Last year, specifically on May 29 2023, I wrote an email about Dan Kennedy’s book The Phenomenon. In that book, Dan says:

“There will always be an offer or offer(s).”

I sighed, hung my head, and finally started adding an offer at the end of each email I sent out to my list.

Not surprisingly, I made more money from my list over the past year than I had in the four years prior.

You probably know to put an offer at the end of your emails. After all, everybody does it, and it’s kind of the point of sending out daily emails.

But what if you don’t have a product or a service to sell yet? Or what if you only have a few bum offers, which your list has stopped responding to every day? Should you still insist on a call-to-action at the end of each email?

I covered one aspect of this earlier this week. I gave you a great Dan Kennedy idea about selling “options” on your shiny future offer.

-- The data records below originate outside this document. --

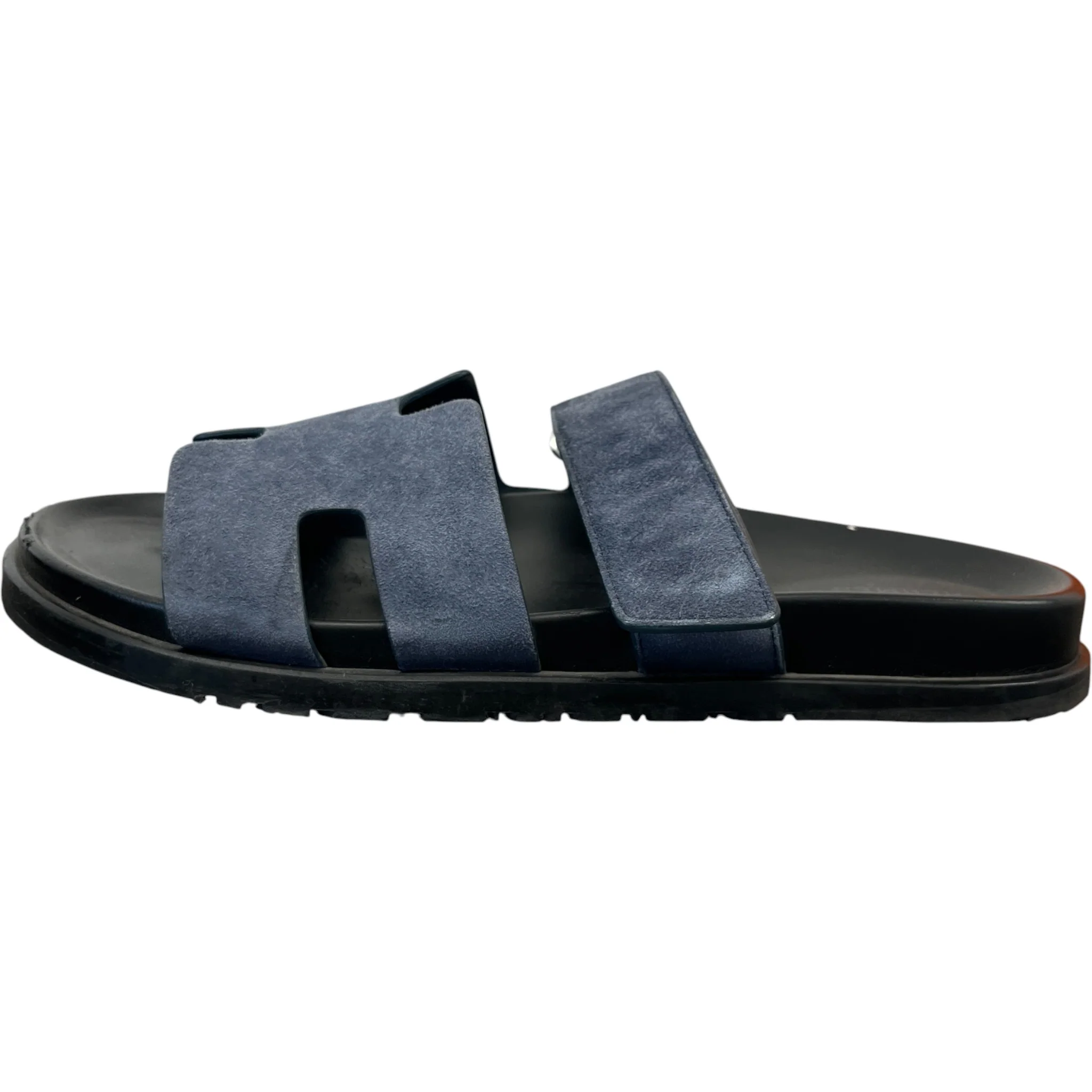 Men's Chypre Sandals Blue Size EU 42.5 / UK 8.5 - Image 5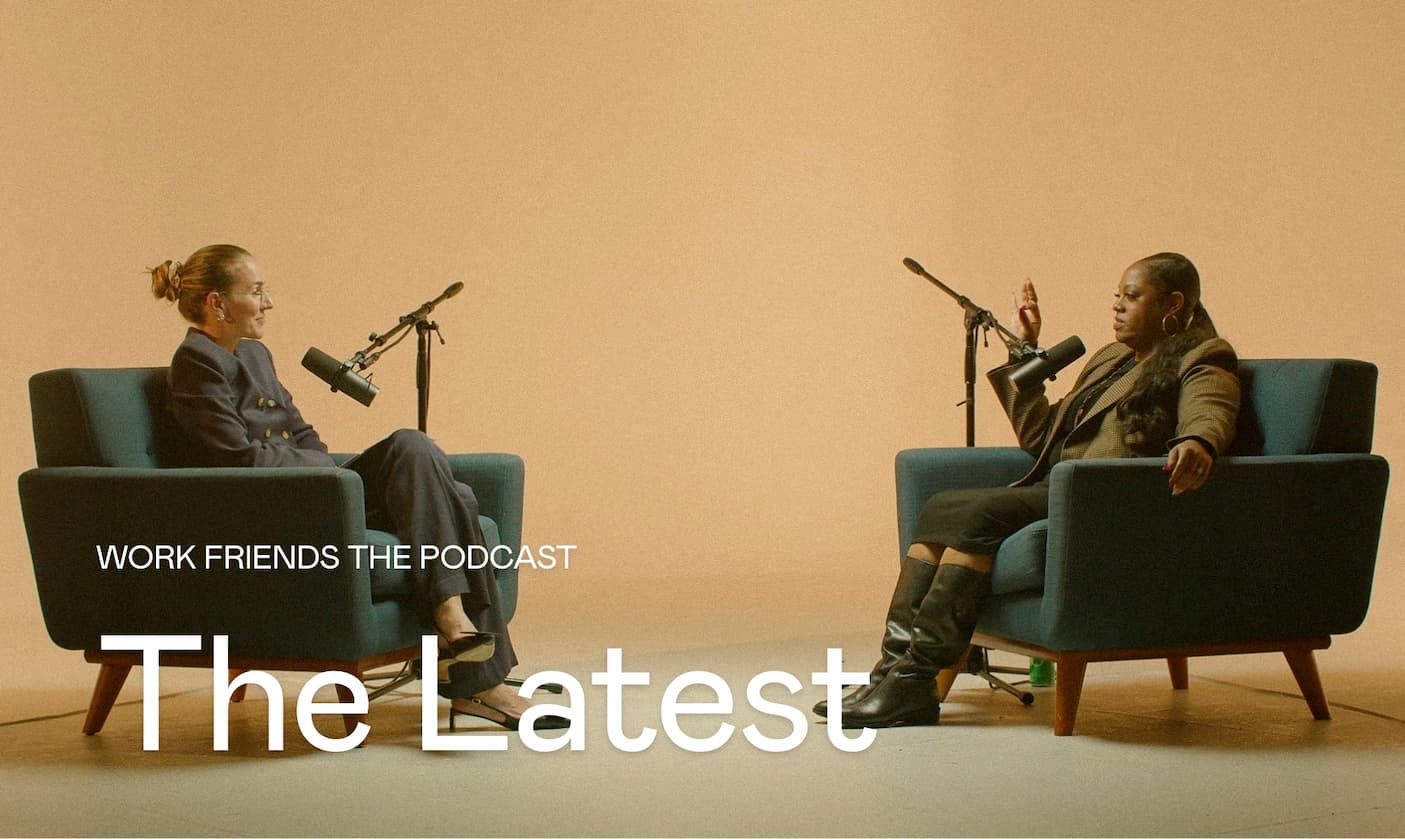 The latest from Work Friends The Podcast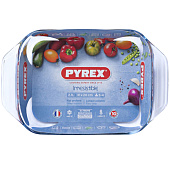  Блюдо Pyrex Irresistible 31х20см прямоугольное /407B000/7046 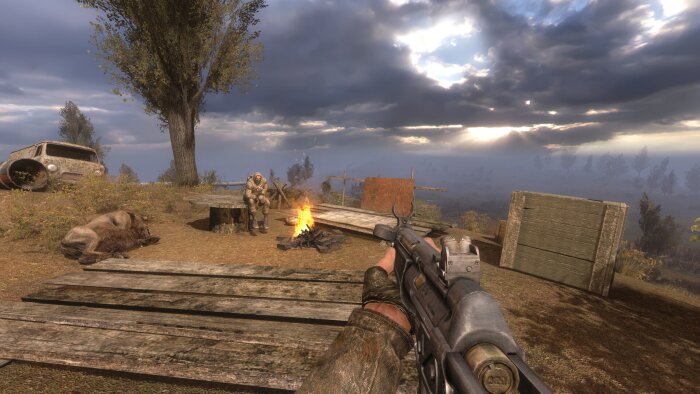 S.T.A.L.K.E.R.: Call of Prypiat - Enhanced Edition PC Crack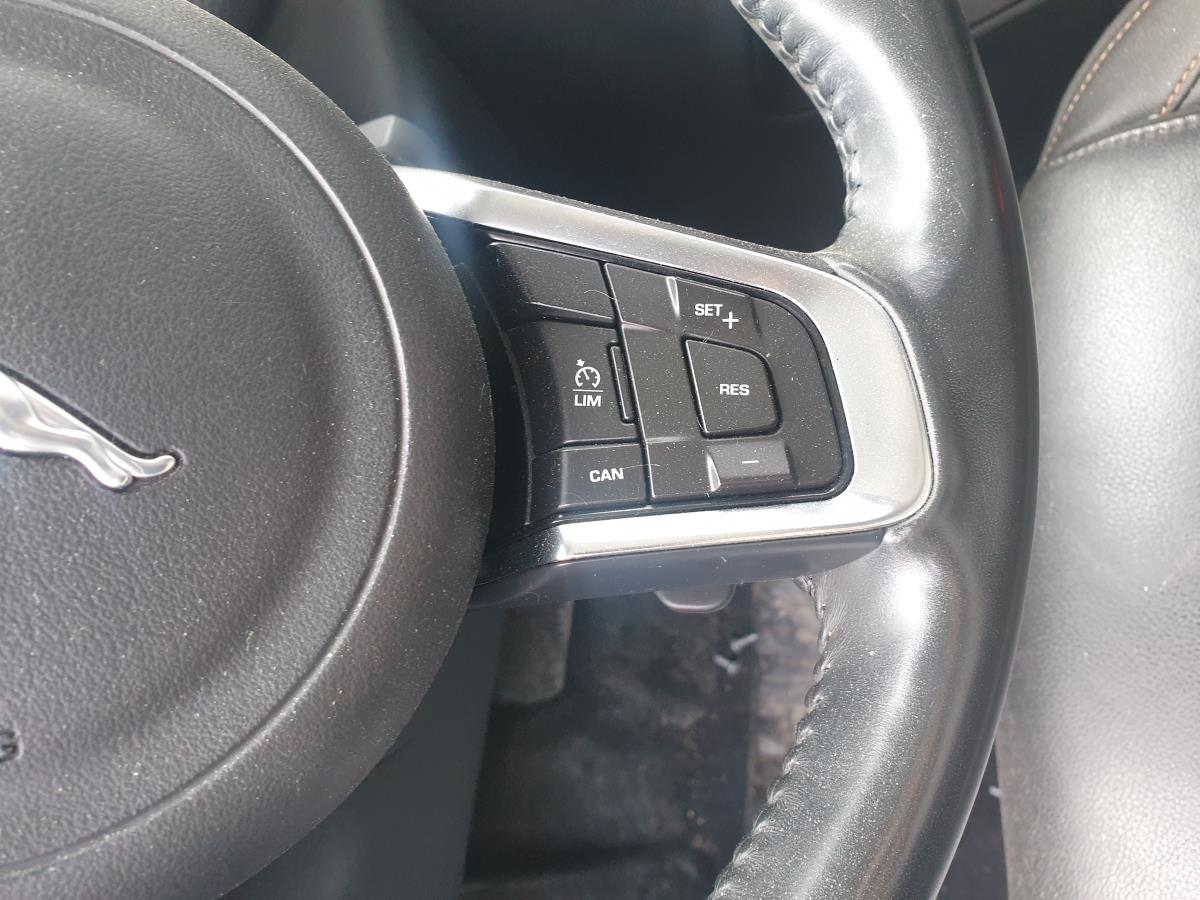 Volante de dirección JAGUAR F-Pace (X761) Imagem-2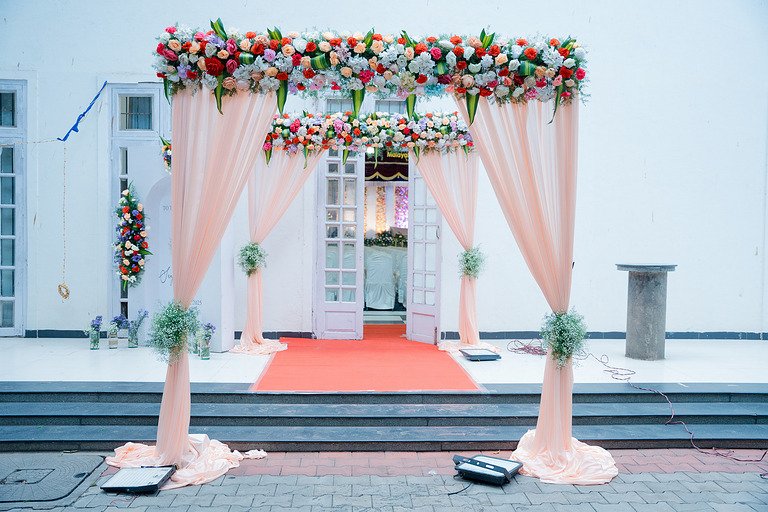 Swesha & Sanjay — wedding photography by Tales by Team AR, Chennai
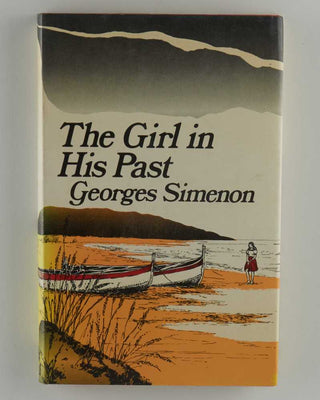 SIMENON, Georges; Louise VARESE ( translator ). The Girl in his Past.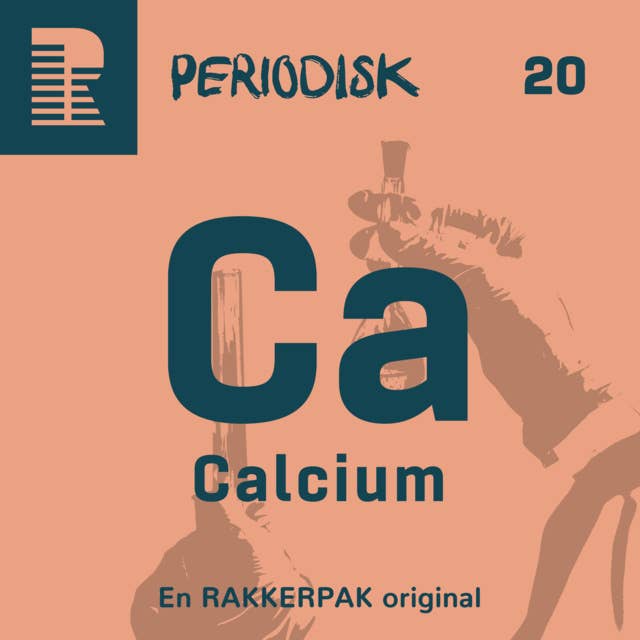 20 Calcium: knoglernes byggesten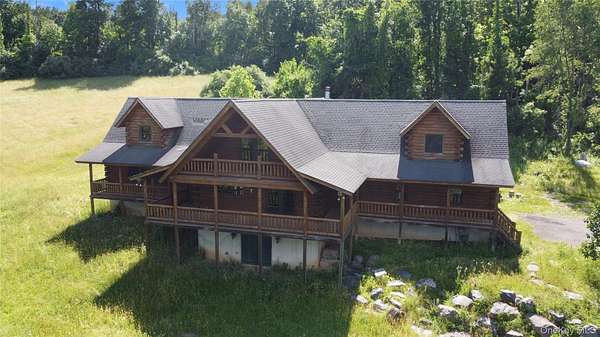 8.9 Acres of Land with Home for Sale in Warwick, New York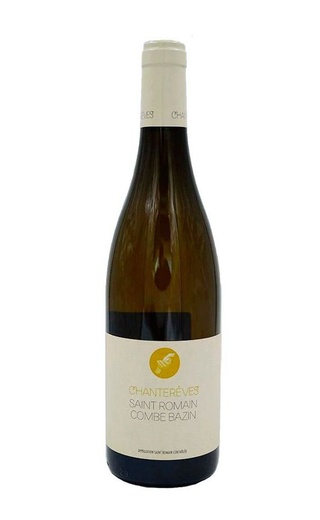 Вино Chantereves Combe Bazin Saint Romain 2016 0,75 л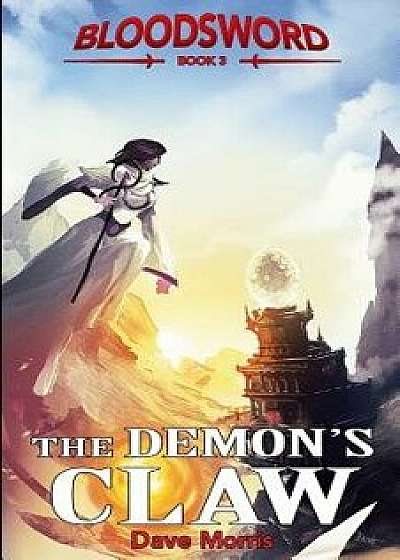 The Demon's Claw, Paperback/Dave Morris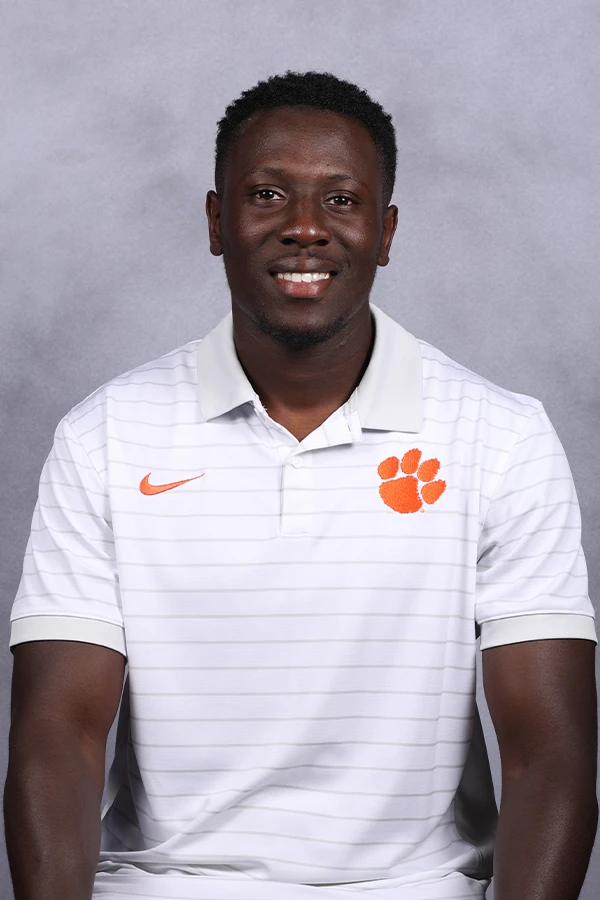 Clemson University coach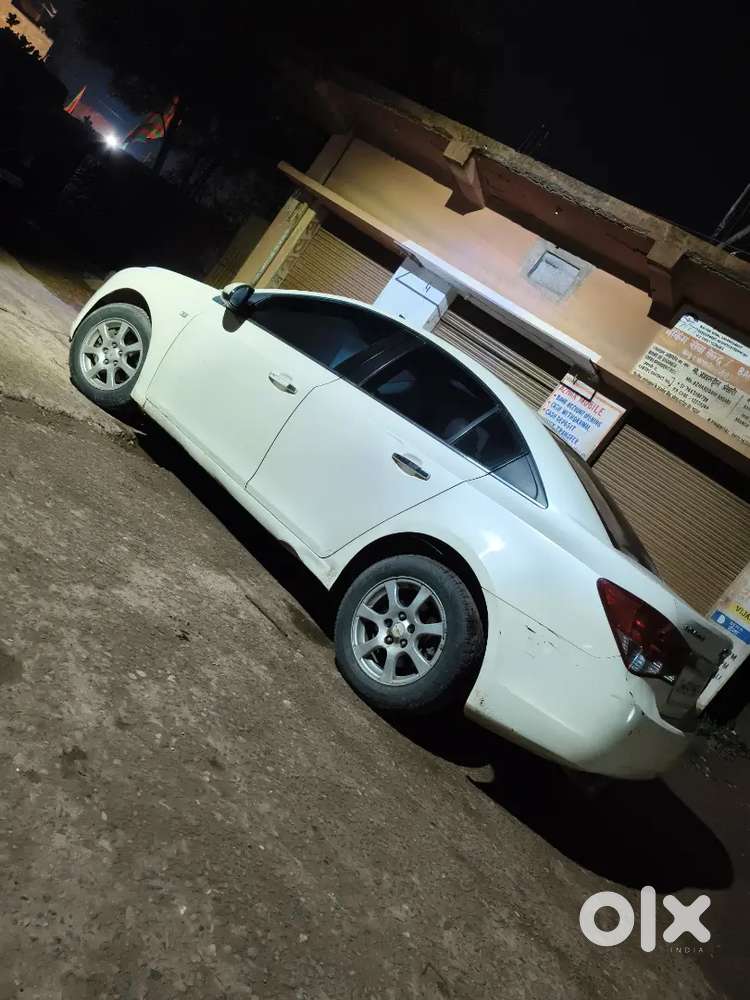 Chevrolet Cruze Lt 2010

But what if, for whatever reasons of your own, you don’t even want to sell future options?

Here’s what I’ve found:

There are many ways to drive people to valuable action, even if you have nothing good to sell today.

Example:

My first ever one-on-one coaching student sells a $4k training for dental practices. While she was preparing that training, she was writing emails to a list of dentists. And her emails were falling into a void — zero response or engagement.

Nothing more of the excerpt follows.